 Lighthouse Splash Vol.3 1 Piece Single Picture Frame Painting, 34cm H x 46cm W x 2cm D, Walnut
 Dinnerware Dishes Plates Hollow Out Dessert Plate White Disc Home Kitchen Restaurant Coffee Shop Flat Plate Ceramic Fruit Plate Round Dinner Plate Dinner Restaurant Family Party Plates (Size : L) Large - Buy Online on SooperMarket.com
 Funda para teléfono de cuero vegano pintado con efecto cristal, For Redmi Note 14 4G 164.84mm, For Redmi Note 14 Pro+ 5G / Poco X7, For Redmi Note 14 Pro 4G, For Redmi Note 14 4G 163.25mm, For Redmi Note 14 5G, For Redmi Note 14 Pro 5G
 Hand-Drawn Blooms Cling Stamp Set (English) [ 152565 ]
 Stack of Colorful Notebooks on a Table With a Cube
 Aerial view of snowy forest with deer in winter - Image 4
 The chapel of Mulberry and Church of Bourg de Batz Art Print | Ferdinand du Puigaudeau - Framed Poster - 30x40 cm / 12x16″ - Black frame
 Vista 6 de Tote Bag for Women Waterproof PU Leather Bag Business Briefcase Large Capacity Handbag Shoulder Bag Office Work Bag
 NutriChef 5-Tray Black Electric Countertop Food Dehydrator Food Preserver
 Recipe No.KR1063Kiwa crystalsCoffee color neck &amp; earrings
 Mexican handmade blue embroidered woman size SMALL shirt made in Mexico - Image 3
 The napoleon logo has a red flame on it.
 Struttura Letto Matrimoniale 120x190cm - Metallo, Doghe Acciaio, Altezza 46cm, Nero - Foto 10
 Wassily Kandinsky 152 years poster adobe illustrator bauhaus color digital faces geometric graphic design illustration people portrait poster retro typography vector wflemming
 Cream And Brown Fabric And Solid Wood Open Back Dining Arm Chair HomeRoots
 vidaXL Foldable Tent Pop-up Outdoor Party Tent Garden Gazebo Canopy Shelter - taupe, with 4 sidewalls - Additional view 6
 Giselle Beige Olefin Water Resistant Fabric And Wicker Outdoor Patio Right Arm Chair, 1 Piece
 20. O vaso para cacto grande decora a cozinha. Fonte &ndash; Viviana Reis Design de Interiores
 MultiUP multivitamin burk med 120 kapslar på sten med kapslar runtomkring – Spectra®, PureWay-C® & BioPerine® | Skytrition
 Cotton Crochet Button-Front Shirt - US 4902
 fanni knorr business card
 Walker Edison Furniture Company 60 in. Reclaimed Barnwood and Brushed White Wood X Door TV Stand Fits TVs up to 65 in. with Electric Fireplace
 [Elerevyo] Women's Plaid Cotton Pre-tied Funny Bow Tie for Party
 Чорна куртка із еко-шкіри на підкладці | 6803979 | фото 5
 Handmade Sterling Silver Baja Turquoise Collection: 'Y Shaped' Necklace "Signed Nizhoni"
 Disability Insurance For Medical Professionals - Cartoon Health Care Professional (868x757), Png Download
◆ ◆ ◆ ◆
Start copying at the line that contains "fanni knorr business card" and stop after the last line of the records, keeping every line exactly.

 fanni knorr business card
 Walker Edison Furniture Company 60 in. Reclaimed Barnwood and Brushed White Wood X Door TV Stand Fits TVs up to 65 in. with Electric Fireplace
 [Elerevyo] Women's Plaid Cotton Pre-tied Funny Bow Tie for Party
 Чорна куртка із еко-шкіри на підкладці | 6803979 | фото 5
 Handmade Sterling Silver Baja Turquoise Collection: 'Y Shaped' Necklace "Signed Nizhoni"
 Disability Insurance For Medical Professionals - Cartoon Health Care Professional (868x757), Png Download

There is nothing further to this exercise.